American gang leader

Dennis L. Meehan (June 5, 1889 - March 31, 1920) was the leader of the White Hand Gang in the 1910s. Dinny Meehan was described by the police as "the most desperate gang leader in Brooklyn."

==Biography==
Born in Brooklyn, Meehan apparently joined the White Hand Gang in his late teens. In 1912, he was arrested for shooting and killing John "Christie" Maroney, who led a faction of White Handers from the Navy Yard section of Brooklyn. After a sensational trial where police reserves were called in for fear of rioting if Meehan was convicted, Meehan was surprisingly acquitted, adding to his criminal reputation. Over the years he had served time in the Elmira Reformatory, Blackwell's Island, and the City Workhouse. Dinny often boasted that he would never see the inside of a state penitentiary.

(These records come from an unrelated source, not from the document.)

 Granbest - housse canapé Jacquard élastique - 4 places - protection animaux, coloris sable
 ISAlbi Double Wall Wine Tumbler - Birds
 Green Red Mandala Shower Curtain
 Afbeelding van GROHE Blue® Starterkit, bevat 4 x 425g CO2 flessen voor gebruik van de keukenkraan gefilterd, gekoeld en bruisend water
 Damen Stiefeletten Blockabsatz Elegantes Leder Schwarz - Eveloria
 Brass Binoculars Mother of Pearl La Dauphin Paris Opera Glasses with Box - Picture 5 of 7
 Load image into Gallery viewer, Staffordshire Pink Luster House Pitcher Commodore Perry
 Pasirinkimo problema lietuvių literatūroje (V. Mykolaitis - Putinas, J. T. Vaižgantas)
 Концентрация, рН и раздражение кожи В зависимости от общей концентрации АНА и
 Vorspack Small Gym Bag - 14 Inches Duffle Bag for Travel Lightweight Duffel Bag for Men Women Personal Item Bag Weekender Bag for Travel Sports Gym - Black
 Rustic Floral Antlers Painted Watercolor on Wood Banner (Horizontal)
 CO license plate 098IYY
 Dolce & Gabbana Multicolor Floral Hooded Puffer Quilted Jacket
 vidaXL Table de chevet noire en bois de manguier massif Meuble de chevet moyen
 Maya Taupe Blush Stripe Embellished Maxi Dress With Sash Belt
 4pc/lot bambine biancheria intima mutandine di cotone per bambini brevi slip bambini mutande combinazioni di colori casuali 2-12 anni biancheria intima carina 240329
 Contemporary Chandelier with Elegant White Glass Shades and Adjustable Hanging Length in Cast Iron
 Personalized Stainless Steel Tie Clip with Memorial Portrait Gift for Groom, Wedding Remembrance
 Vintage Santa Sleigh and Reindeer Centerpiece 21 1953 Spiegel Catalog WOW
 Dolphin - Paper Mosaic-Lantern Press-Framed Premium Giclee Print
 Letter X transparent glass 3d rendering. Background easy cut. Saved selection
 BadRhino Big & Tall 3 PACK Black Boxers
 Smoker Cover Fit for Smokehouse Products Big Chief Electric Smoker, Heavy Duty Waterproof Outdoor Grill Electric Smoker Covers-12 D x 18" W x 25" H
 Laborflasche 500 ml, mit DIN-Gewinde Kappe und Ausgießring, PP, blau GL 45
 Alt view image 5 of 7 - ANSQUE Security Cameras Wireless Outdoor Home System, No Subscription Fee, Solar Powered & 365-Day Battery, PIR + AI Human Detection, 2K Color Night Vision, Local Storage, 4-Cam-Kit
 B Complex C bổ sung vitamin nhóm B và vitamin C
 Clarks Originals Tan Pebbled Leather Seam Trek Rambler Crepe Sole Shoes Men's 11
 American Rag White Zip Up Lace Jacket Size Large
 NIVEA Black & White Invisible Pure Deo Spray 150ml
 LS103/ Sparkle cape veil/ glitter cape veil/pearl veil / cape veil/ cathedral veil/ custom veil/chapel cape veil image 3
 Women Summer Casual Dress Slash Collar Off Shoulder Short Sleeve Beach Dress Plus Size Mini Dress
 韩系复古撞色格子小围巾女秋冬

Unlike some crime bosses, Dinny Meehan often joined his men on criminal jobs. By 1920, there were a total of three cases pending against him; he was out of jail on a $5,000 bond for robbing a man on Fifth Avenue, leading his men in the hijacking of a truckload of shoes worth $10,000, and overseeing the theft of $10,000 worth of silk from a Red Hook warehouse.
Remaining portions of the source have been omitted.